The Anti-War Roots of Mother’s Day

Mother’s Day’s roots in the United States can be traced back to the 19th century abolitionist, suffragist and peace activist Julia Ward Howe, famous as the writer of the Union army song the “Battle Hymn of the Republic.”  On June 2nd, 1972 Howe led a women’s anti-war demonstration in New York City where she issued her Mother’s Day Proclamation, calling for disarmament and peace.

Arise, then, women of this day!

Arise, all women who have hearts,
Whether our baptism be of water or of tears!

Say firmly:
“We will not have great questions decided by irrelevant agencies,
Our husbands will not come to us, reeking with carnage, for caresses and applause.
Our sons shall not be taken from us to unlearn
All that we have been able to teach them of charity, mercy and patience.
We, the women of one country, will be too tender of those of another country
To allow our sons to be trained to injure theirs.”
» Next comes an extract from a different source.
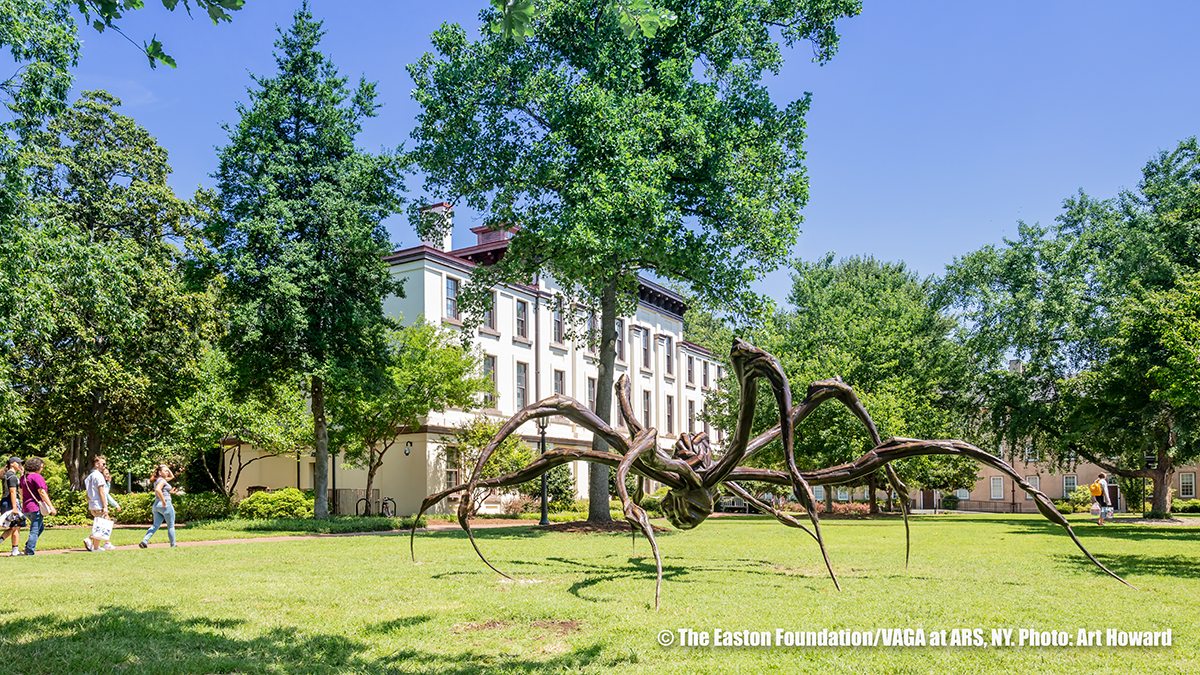 Crouching Spider sculpture on the UNC-Chapel Hill campus.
From the bosom of the devastated Earth a voice goes up with our own.
It says: “Disarm! Disarm! The sword of murder is not the balance of justice.”
Blood does not wipe out dishonor, nor violence indicate possession.
As men have often forsaken the plough and the anvil at the summons of war,
Let women now leave all that may be left of home for a great and earnest day of counsel.
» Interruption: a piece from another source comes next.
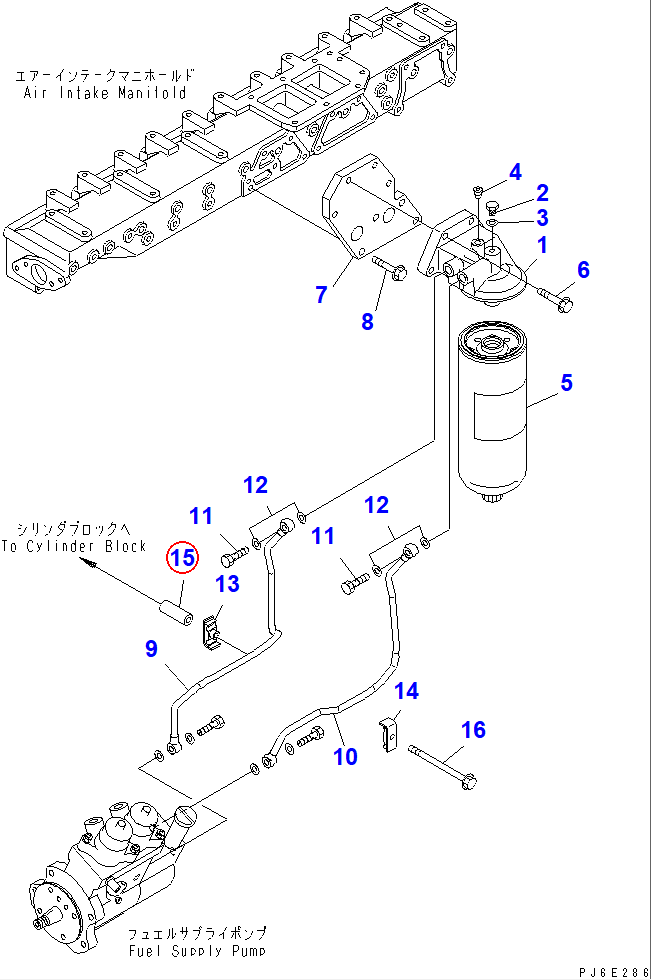 Diagram 6150-81-6940 SPACER - Komatsu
Let them meet first, as women, to bewail and commemorate the dead.
Let them solemnly take counsel with each other as to the means
Whereby the great human family can live in peace,
Each bearing after his own time the sacred impress, not of Caesar,
But of God.

In the name of womanhood and humanity, I earnestly ask
That a general congress of women without limit of nationality
May be appointed and held at someplace deemed most convenient
And at the earliest period consistent with its objects,
To promote the alliance of the different nationalities,
The amicable settlement of international questions,
The great and general interests of peace.

“Mother’s Day” was observed in Boston for the next ten years under Howe’s guidance.

A protest cartoon by pacficist Robert Minor against "patriotic motherhood." The cartoon is dedicated to former president Theodore Roosevelt an active campaigner for U.S. preparedness for war. Roosevelt claimed that it is the woman's patriotic duty to "bear at least three children." Failure to do so, according to Roosevelt, would be treasonous.

Mother’s Day would not be declared a nationally recognized holiday until Woodrow Wilson signed a bill transforming the traditional pacifist holiday into a nationalistic celebration of the Mother as the “greatest source of the country’s strength and inspiration.”  At the time there was a massive public relations campaign to build support for American intervention in World War I and to sell the American mother on the notion of “patriotic motherhood” in which the Wilson administration was an active participant. The role of the patriotic mother was to bear male children and raise them to be strong soldiers for America’s army.  So one could easily interpret the “strength” the resolution speaks of as being militaristic.

After it’s declaration as a national holiday one the greatest campaigners for the recognition of Mother’s Day, Anna Jarvis, who campaigned for the day following the death of her mother who was an outspoken and energetic peace activist, became a fervent opponent of the holiday due to its commercialization.  She actively campaigned against the holiday, attacking  florists who raised the price of flowers on Mother’s Day as “profiteers.”  In 1923 at a Mother’s Day convention she was arrested for disturbing the peace.  In an interview she declared that she “wanted a day of sentiment, not profit.”